**Dataset extract:**
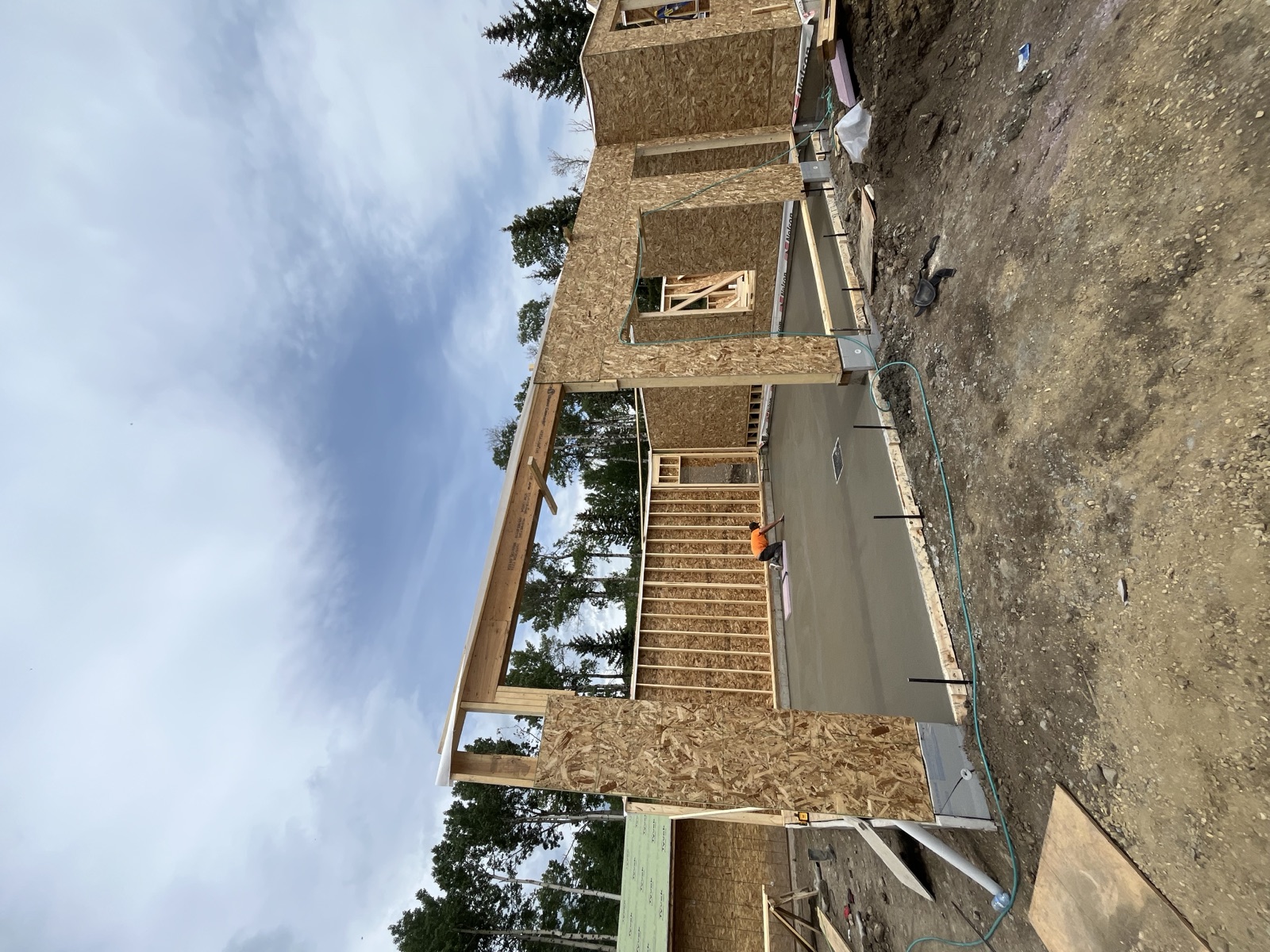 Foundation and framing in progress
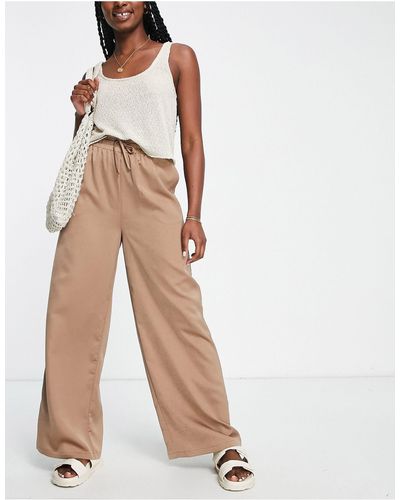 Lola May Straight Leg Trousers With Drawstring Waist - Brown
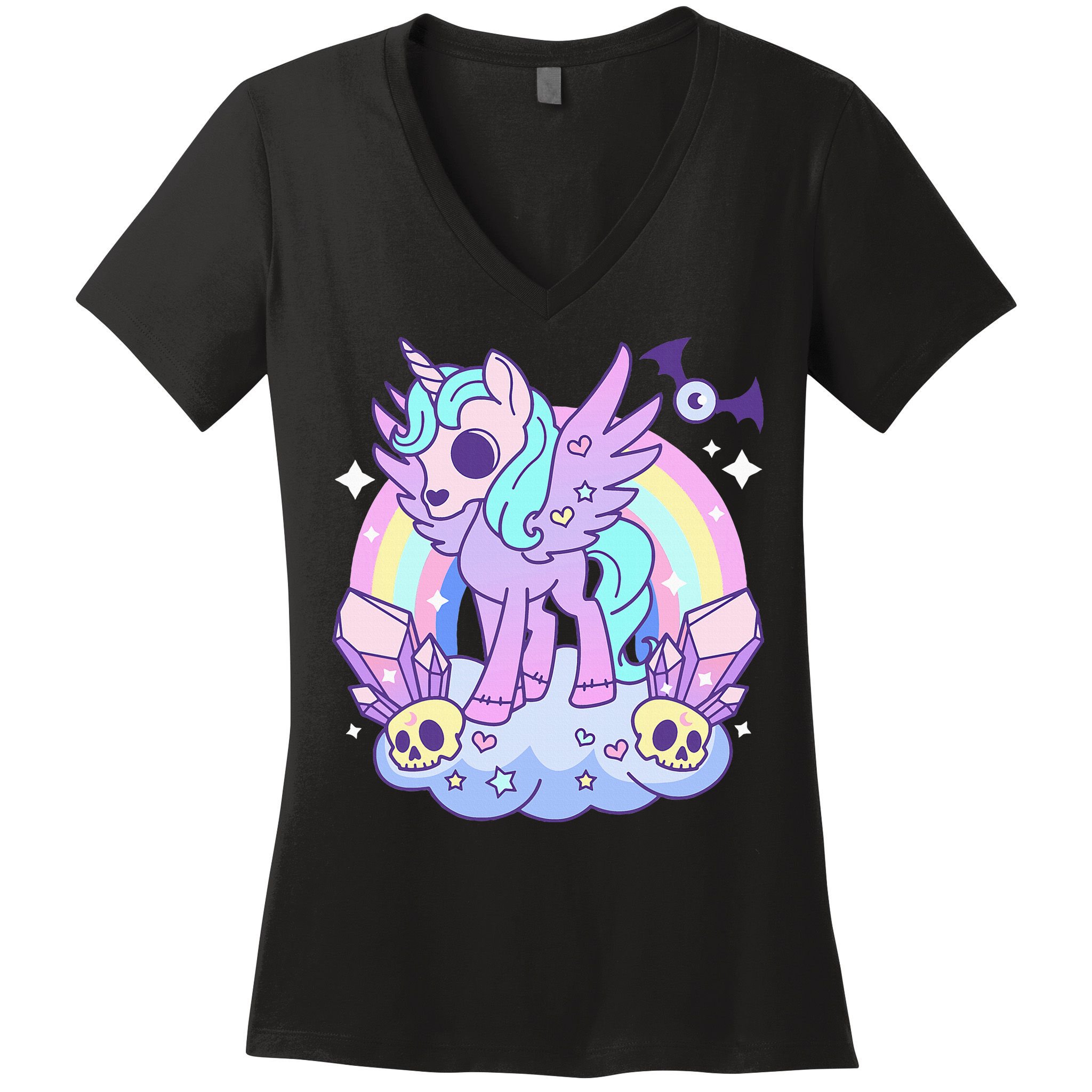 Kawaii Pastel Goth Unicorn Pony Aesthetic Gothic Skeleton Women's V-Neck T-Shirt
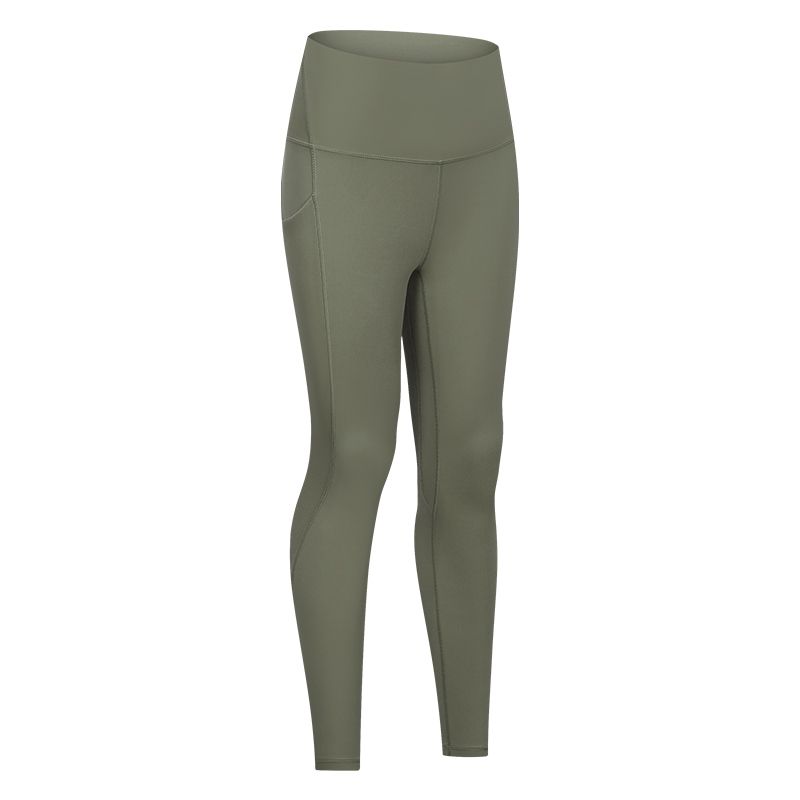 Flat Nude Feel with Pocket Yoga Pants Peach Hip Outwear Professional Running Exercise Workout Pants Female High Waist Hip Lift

**What needs to be done:**
Everything in the data except the pictures must be retyped exactly.

**Result of this task:**
 Foundation and framing in progress
 Lola May Straight Leg Trousers With Drawstring Waist - Brown
 Kawaii Pastel Goth Unicorn Pony Aesthetic Gothic Skeleton Women's V-Neck T-Shirt
 Flat Nude Feel with Pocket Yoga Pants Peach Hip Outwear Professional Running Exercise Workout Pants Female High Waist Hip Lift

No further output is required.